Tentang Sebuah Perjalanan 'Menyongsong Kematian' menjelang Minggu Laetare



"Sekarang kita pergi ke Yerusalem 
dan Anak Manusia akan diserahkan 
kepada imam-imam kepala dan ahli-ahli Taurat, 
dan mereka akan menjatuhi Dia hukuman mati ..." 
(Markus 10:33)

[1.]

Minggu yang ketiga sebelum Minggu Paskah dalam tradisi gereja dinamakan Minggu Laetare. Pada tahun 2015 ini Minggu Laetare jatuh pada tanggal 15 Maret. Kata laetare merupakan kata Latin yang berarti bersukacita. Penamaan ini berdasarkan antifon yang membuka ibadah Minggu tersebut yang diambil dari Yesaya 66:10; "Bersukacitalah bersama-sama Yerusalem,..." Dalam terjemahan Latin; "Laetamini cum Hierusalem ..." Selain Yesaya 66:10, gereja juga menggunakan Mazmur 122 yang memiliki tema yang serupa.
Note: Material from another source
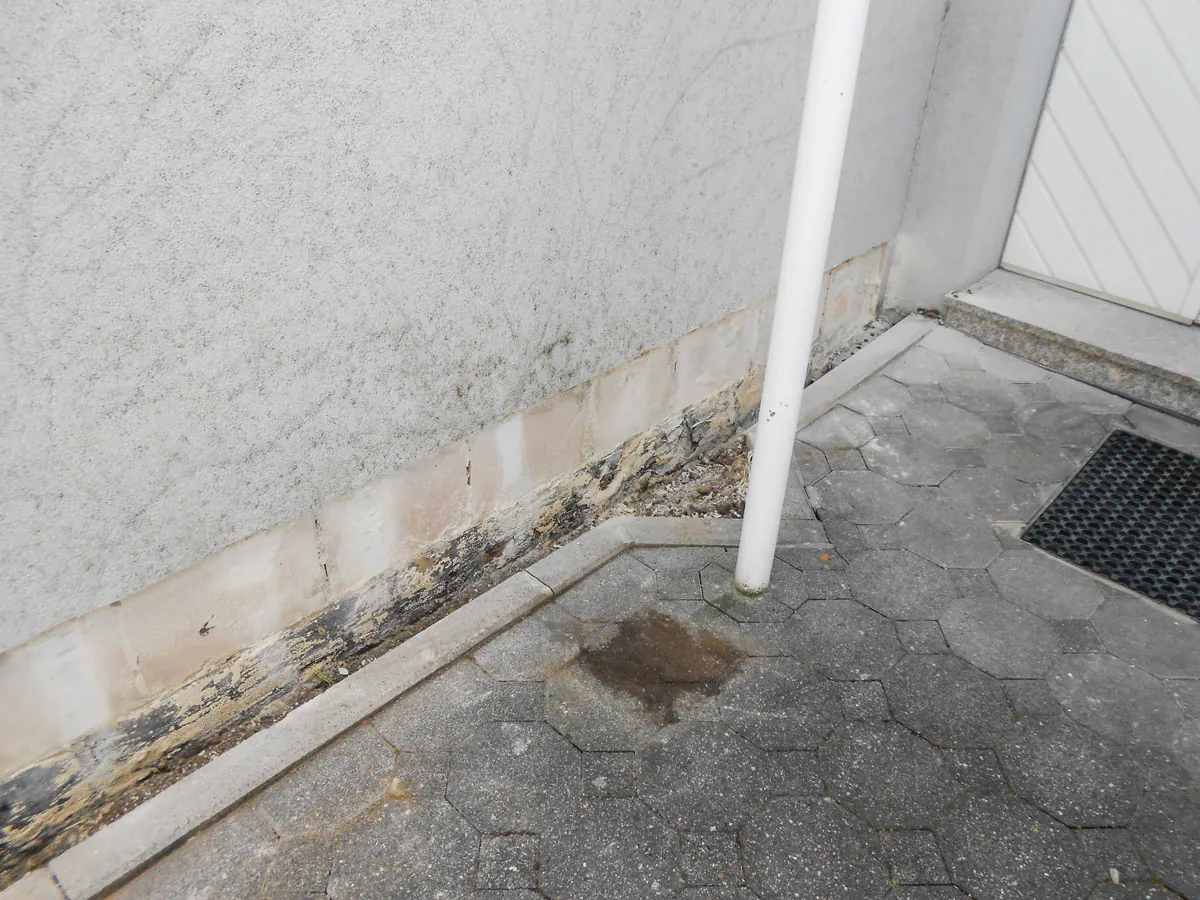 Feuchteschaden am Sockel einer Wand im Innenbereich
Minggu ini bagaikan masa jeda dalam masa puasa 40 hari yang dilakukan oleh umat. Ada masa untuk bersukacita sejenak di antara masa penyesalan dan pengakuan. Sukacita ini muncul karena umat diingatkan pada rahmat pengampunan dari Allah.

[2.]

Sehubungan dengan Minggu Laetare dan Yerusalem itu saya membuat gambar di atas menurut interpretasi saya.

Saya membayangkan, bahwa keputusan Yesus ke Yerusalem bukan keputusan yang mudah; bukan sebuah sukacita bagi Diri-Nya'. Dalam sisi kemanusiaan-Nya, Yesus mengalami pergumulan sendiri. 'Ketidaksiapan' yang lahir dari sisi kemanusiaan itu yang membuat-Nya mengulang-ulang pemberitahuan penderitaan-Nya kepada murid-murid. Kata-kata itu diucapkan untuk mengingatkan dan sekaligus menguatkan diri kemanusiaan Yesus sendiri.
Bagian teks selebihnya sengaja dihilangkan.